Julie and Julia certainly has brought back interest and maybe even, dare I say, a fad for French cooking? Let's call it a trend but without being trendy. After all, French cooking is entirely too complicated and time-consuming to be trendy! Of course, Williams-Sonoma has jumped on the bandwagon as well and has brought us a new cookbook Essentials of French Cooking. Tidbit of information, Chuck Williams was very much influenced by French cooking and it was his love for it combined with his love for Sonoma California that led to the first kitchen store as we know it, Williams-Sonoma.
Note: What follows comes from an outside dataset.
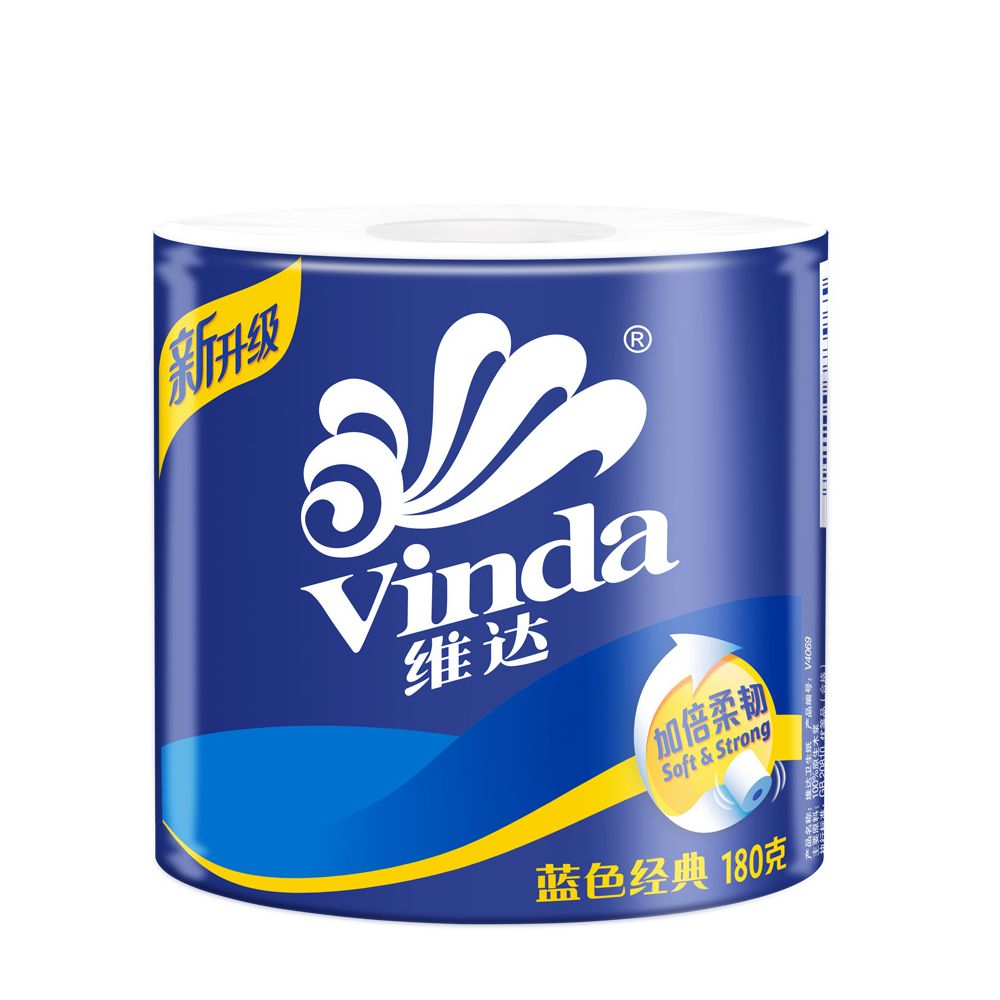 维达卷纸蓝色经典有芯3层27卷180g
To that end, my local Williams-Sonoma offered a French cooking night or Dinner in Paris as they called it.
The menu consisted of french onion soup, steak frites and creme brulee. Our chef for the evening was Nicole, how very appropriate, and she demonstrated the art of cooking these simple, yet delicious French dishes. The French onion soup she cleverly put in baked biscuit bowls - after separating the dough, cook upside down on a cupcake pan - topped with a french bread slice rubbed with garlic (yum) and Guyere cheese. The combination of sweet onion, beef broth and cheese was truly a savory delight to the taste buds and the touch of garlic on the bread was simply genius. The steaks were lightly seasoned with coarse salt, pepper and thyme. I would have added a little butter (I guess the Julia in me is coming out), and cooked nearly to order in a sear pan. This left wonderful grill marks on the steak as if it had actually been on a grill. Nicole made a lovely sauce with the leftover pan juices, white wine and butter which she poured over the steak. Can you say simple and amazing? The steak was served with pommes frites but unlike typical french fries, these had been twice-fried for a golden crisp and seasoned to taste with coarse salt. While we feasted on this, Nicole brought out the piece de resistance - creme brulee. This light, wonderful custard flavored with vanilla and topped with caramelized sugar truly made the meal. Just make sure you use high quality vanilla and taste as you add - too little vanilla will make the custard bland and the last thing you want is to leave your guests with the taste of bland creme brulee.
By the time we had all cleaned our plates, our tummies were full and we were considering what other delectable french treasures awaited us in the new cookbook. This menu was as simple as it was delicious. French onion soup, steak frites and creme brulee - typically French, wonderfully good. Certainly something to try at home and something to inspire your culinary urge. Essentials of French Cooking might be a good first-step to awaken the french chef that lurks inside of you!